You know, I find that if I read my manuscript in a different format, I can see things better. So, I either print it out, or read it on my Kindle–so that it looks like an actual printed book.
I’ve got a photo of me somewhere, reading on my Ipad (Kindle ap) with my laptop open before me. I just went back and forth between the two making changes.
Because I used to be a reporter and an editor, I also like to print out the manuscript and scribble all over it. I’ll be doing that next week–as soon as I finish writing this book!
Jeanne Takenaka
Michelle, what a great post. When I began editing my last manuscript, I cut out ten THOUSAND words. I had a few scenes that were unnecessary, and I found better ways to describe things. I need to be more aware of my own weasel words and begin eliminating them from my writing. 🙂
*I loved your practical tips.
Michelle Ule
Ah, yes, those weasel words!
Here’s a post which might help: https://booksandsuch.com/blog/the-value-of-a-word-census/
Shirlee Abbott
OK. I am the odd one. I struggle to get enough words.
*Need help pruning? I wield a mean set of clippers.
Michelle Ule
It’s a gift, Shirlee. My assistant and I just looked at my manuscript. I’ve got 1.5-2 chapters left to go and I’m 3500 from the max amount allowed.
She laughed. “We’ll be pruning and chopping soon!”
Andrew Budek-Schmeisser
I do a lot of pruning as I write, so there’s not as much on a re-write. I think it comes from having written papers for engineering journals for a few years, where a 10k word limit was rigidly enforced.
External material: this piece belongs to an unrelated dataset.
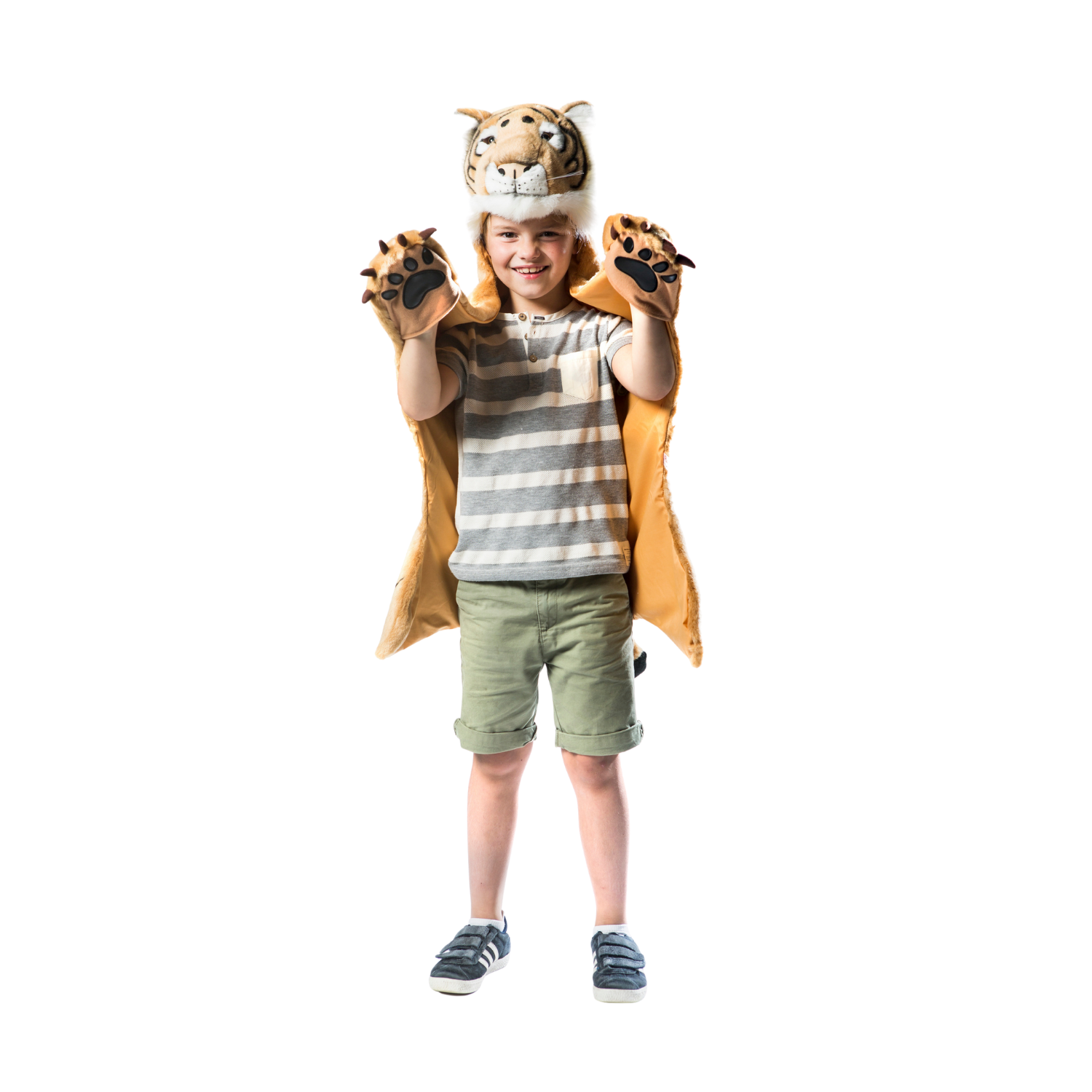 Déguisement Enfant Tigre - Wild & Soft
I got to the point where I knew I would bump up against it, and started thinking ahead.
* It’s a good and bad thing; good in that I write economically, bad in that I can’t really do description or introspection well, because my mind’s not attuned to taking that kind of ‘time’.
Michelle Ule
I think you’re right, Andrew. When you’ve written long enough you get a sense of how long things are. I pegged my manuscript this afternoon pretty close.
Jennifer Zarifeh Major
I despise pruning, but wow, it sure makes things tighter and more readable.
Michelle Ule
And that is the point, sort of like teasing your hair . . .
CJ Penn
One of my favorite reminders while writing comes from the Bible: “The more the words, the less the meaning, and how does that profit anyone.” (Ecclesiastes 6:11)
Michelle Ule
CJ Penn » Amen!
Jeanette
Hi Michelle,
Last weekend I picked up and pondered on buying a children’s version of The Secret Garden at a garage sale. So funny you would bring it up here. I loved the story when I was a young girl. I have been pruning my book this past month and wondered is there a set amount of words for a novel? You mentioned 50,000 is your target. I have around 63,000 right now and wondering also if you included the acknowledgements as a part of the total?
Michelle Ule
The target for word numbers differs by the genre. An historical novel or a speculative fiction novel can easily go over 100K because you have to build the world. A woman’s fiction novel, 80-85K; novellas 20K, different publishers have different requirements.
I’m writing a biography now and my target is 60-65K and that includes everything–acknowledgments, end notes, bibliography, appendix, Index. I’m busily cutting words right now to fit into the middle of that word count.
After not recognizing Dickon’s name above, I’m going to have to reread myself! Enjoy The Secret Garden!
Jeanette
Thank you!
Heidi Kortman
Each publisher’s website will mention their preferences somewhere on the submissions page. Word count can vary somewhat between genres.